Et pour cause, le seul personnage dont le rôle est de faire le lien avec le reste du MCU, j'ai nommé l'agent Ross (Martin Freeman) est largement mis en retrait (et heureusement, parce qu'un comic-relief blanc, c'est pas beaucoup plus drôle qu'un comic-relief noir, même si ça a le mérite d'inverser la tendance).
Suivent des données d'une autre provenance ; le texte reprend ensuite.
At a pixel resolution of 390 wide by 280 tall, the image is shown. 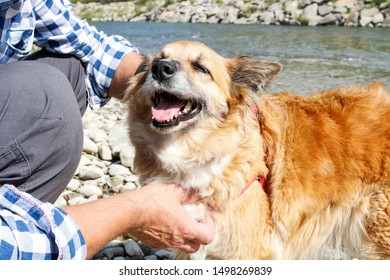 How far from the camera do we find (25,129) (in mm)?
1939

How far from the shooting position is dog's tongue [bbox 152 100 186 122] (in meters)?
2.58

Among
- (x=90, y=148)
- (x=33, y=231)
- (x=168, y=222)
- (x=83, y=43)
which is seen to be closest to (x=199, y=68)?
(x=83, y=43)

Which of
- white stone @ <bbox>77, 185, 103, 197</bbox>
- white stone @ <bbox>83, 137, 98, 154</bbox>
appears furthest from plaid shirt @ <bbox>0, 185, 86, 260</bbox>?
white stone @ <bbox>83, 137, 98, 154</bbox>

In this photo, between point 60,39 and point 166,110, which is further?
point 60,39

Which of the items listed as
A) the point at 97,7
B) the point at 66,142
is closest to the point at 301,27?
the point at 66,142

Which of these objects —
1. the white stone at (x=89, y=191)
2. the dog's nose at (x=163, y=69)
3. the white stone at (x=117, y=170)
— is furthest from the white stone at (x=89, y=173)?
the dog's nose at (x=163, y=69)

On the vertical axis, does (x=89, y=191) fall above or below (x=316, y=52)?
above

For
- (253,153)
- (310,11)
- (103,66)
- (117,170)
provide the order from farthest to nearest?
1. (310,11)
2. (117,170)
3. (103,66)
4. (253,153)

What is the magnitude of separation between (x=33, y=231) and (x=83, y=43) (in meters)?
1.65

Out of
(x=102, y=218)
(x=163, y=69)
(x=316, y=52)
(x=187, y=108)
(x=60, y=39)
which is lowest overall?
(x=316, y=52)

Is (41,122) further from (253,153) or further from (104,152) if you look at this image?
(104,152)

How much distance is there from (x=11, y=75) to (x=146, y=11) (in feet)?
122

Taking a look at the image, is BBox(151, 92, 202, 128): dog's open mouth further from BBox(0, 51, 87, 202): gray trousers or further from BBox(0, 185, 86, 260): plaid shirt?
BBox(0, 185, 86, 260): plaid shirt

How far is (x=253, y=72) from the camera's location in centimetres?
275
Le seul autre acteur blanc, Andy Serkis, est par contre excellent en Ulysses Klaue, véritablement effrayant dans sa folie furieuse.
Je finirai sur la musique, plutôt originale pour un produit MCU. Il y a la volonté de créer une ambiance sonore propre à l'univers proposé à l'écran, à base de rap, d'électro, et de musique africaine.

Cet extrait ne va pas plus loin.